## Directions for this task:
The data below should be retyped exactly, with the pictures left out.

Segment Start: Collected material

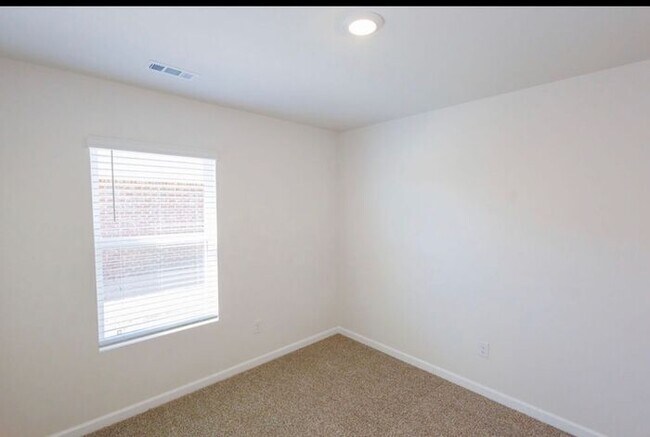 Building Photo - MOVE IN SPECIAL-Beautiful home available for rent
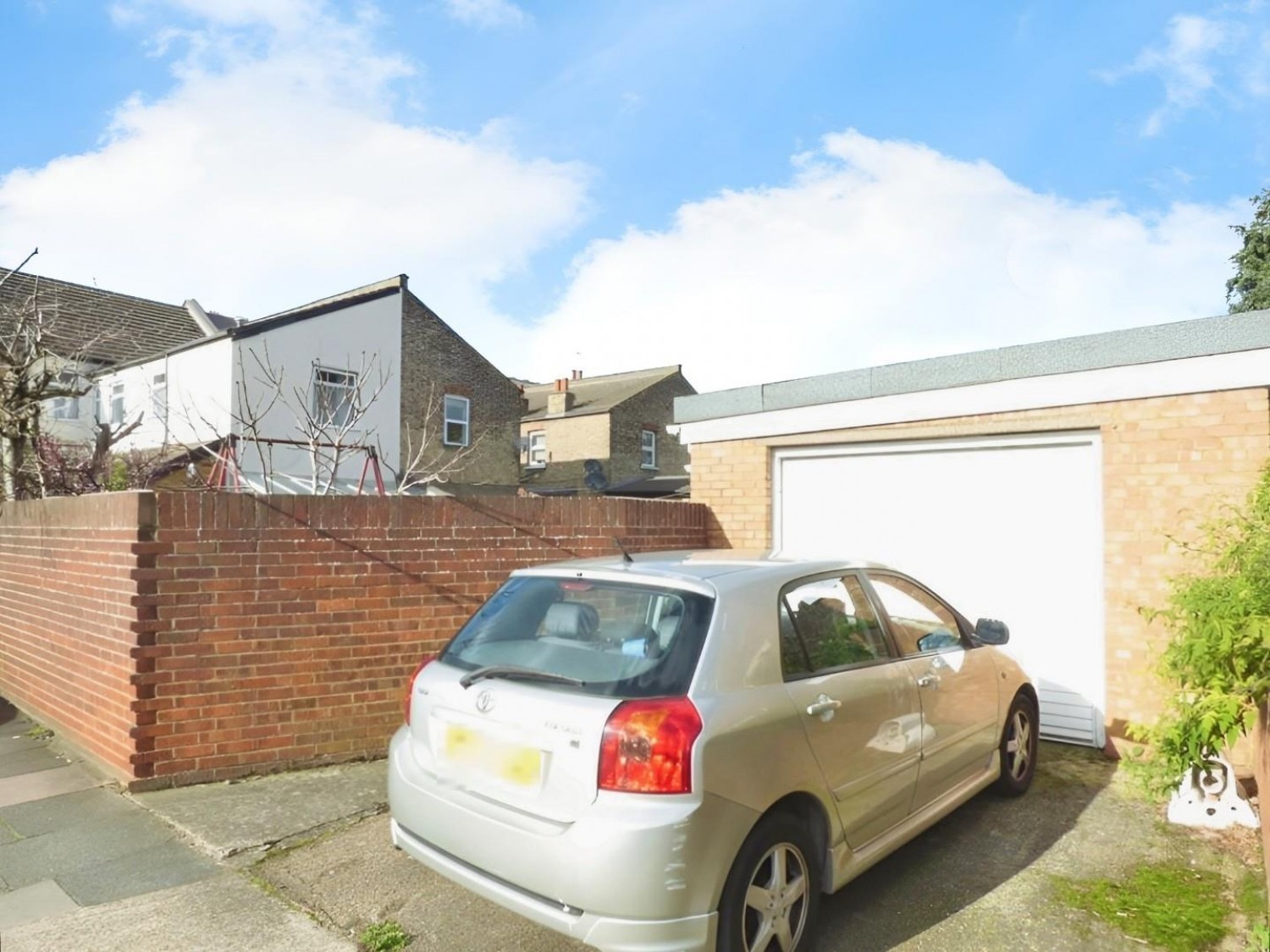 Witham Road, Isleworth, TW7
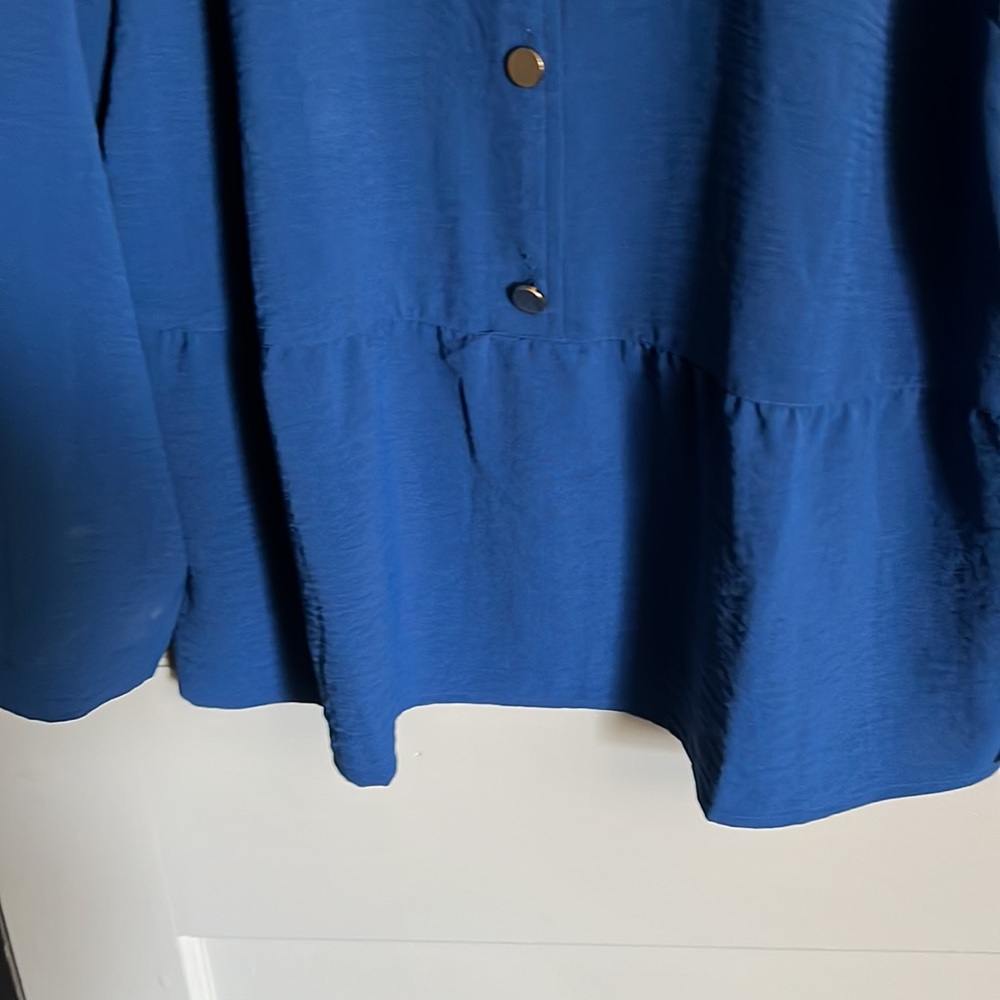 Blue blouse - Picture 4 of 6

Segment End: Collected material

## Exercise response:
 Building Photo - MOVE IN SPECIAL-Beautiful home available for rent
 Witham Road, Isleworth, TW7
 Blue blouse - Picture 4 of 6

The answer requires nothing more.